++++ Record excerpts ++++

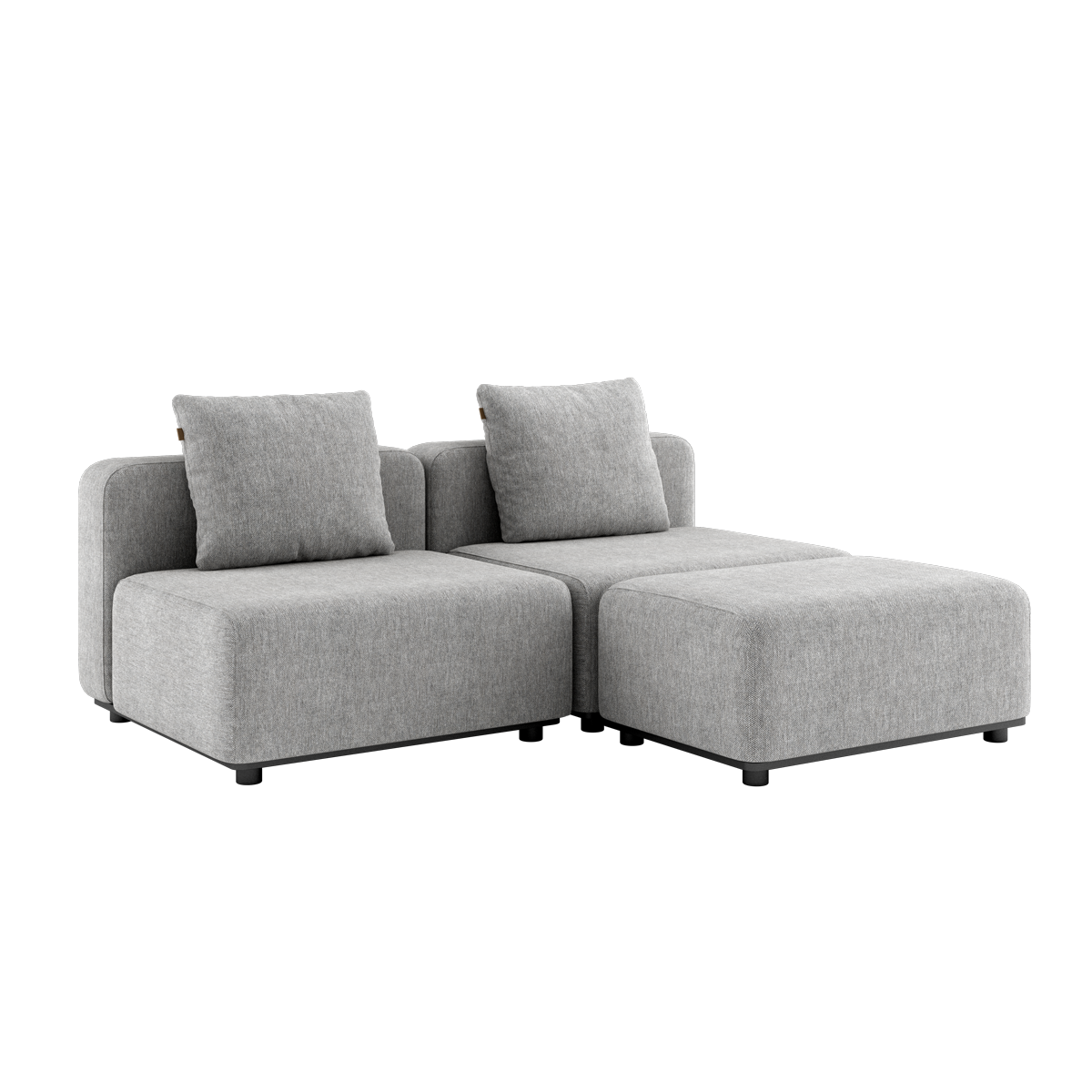 Cobana Lounge Sofa in Cobana Sand Melange with two modules and pouf, outdoor setting.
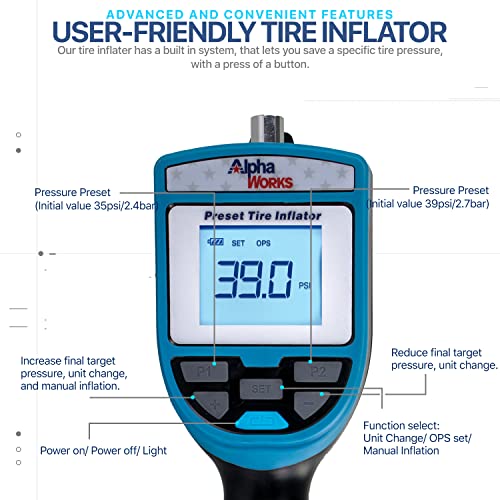 AlphaWorks Tire Pressure Gauge, Preset Inflator with Air Chuck and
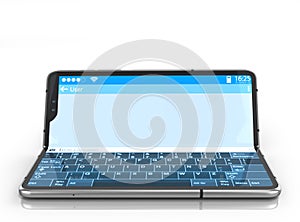 Serial flexible phone with dialog box on screen 3d render on white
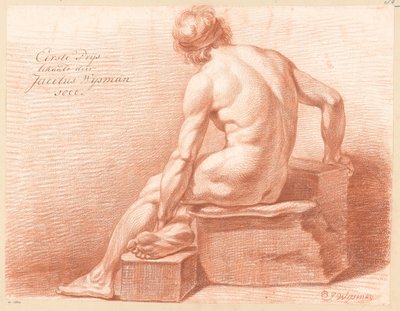 Seated Male Nude, Seen from the Back (1st Prize 1800) by Jacobus Wijsman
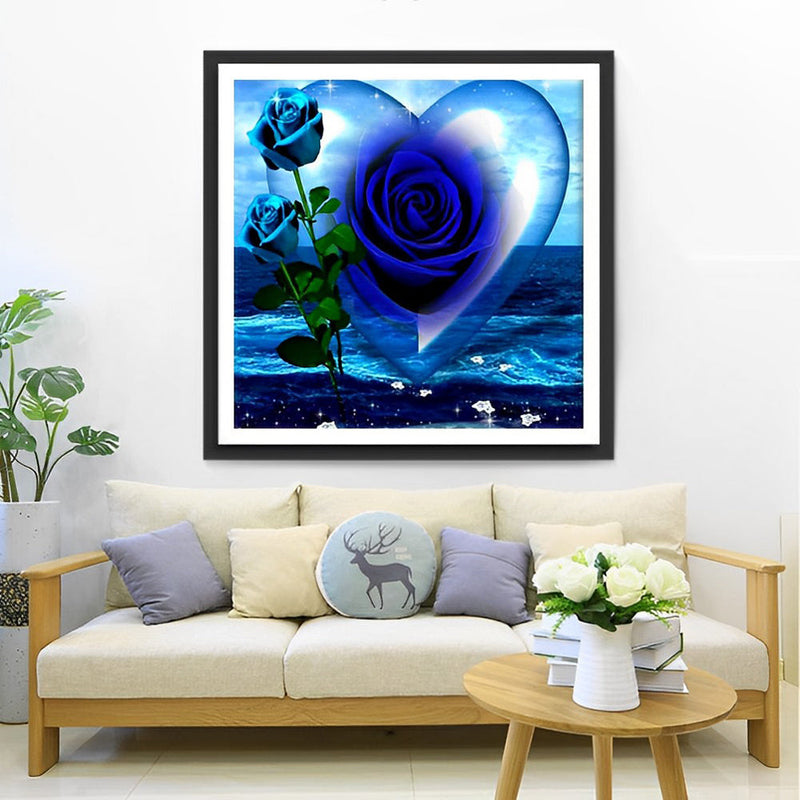 Roses Bleues et Cœur Broderie Diamant
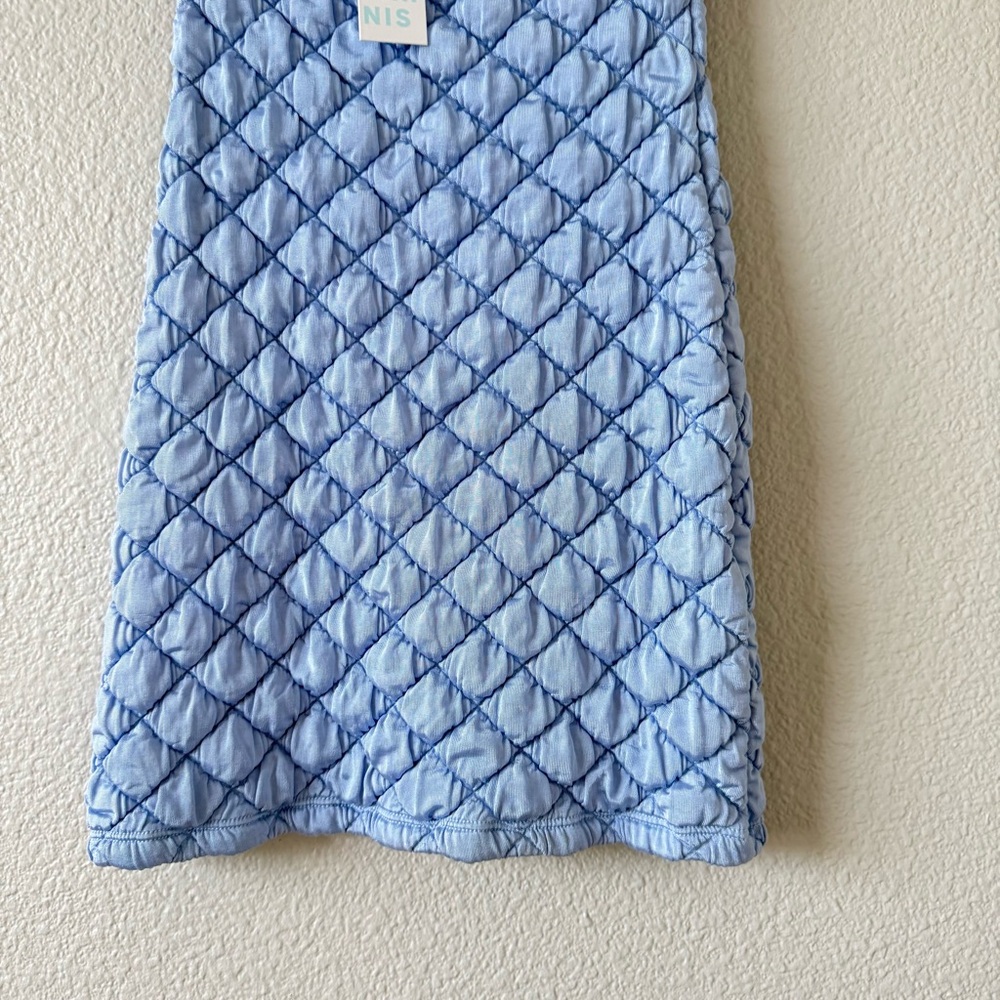 Frankie’s Bikinis Taylor Strapless Tube Dress Blue Puff Quilted Short X Small‎ - Picture 5 of 8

++++

The entries above must be restated exactly in the answer, and the pictures left out.

Response box:
 Cobana Lounge Sofa in Cobana Sand Melange with two modules and pouf, outdoor setting.
 AlphaWorks Tire Pressure Gauge, Preset Inflator with Air Chuck and
 Serial flexible phone with dialog box on screen 3d render on white
 Seated Male Nude, Seen from the Back (1st Prize 1800) by Jacobus Wijsman
 Roses Bleues et Cœur Broderie Diamant
 Frankie’s Bikinis Taylor Strapless Tube Dress Blue Puff Quilted Short X Small‎ - Picture 5 of 8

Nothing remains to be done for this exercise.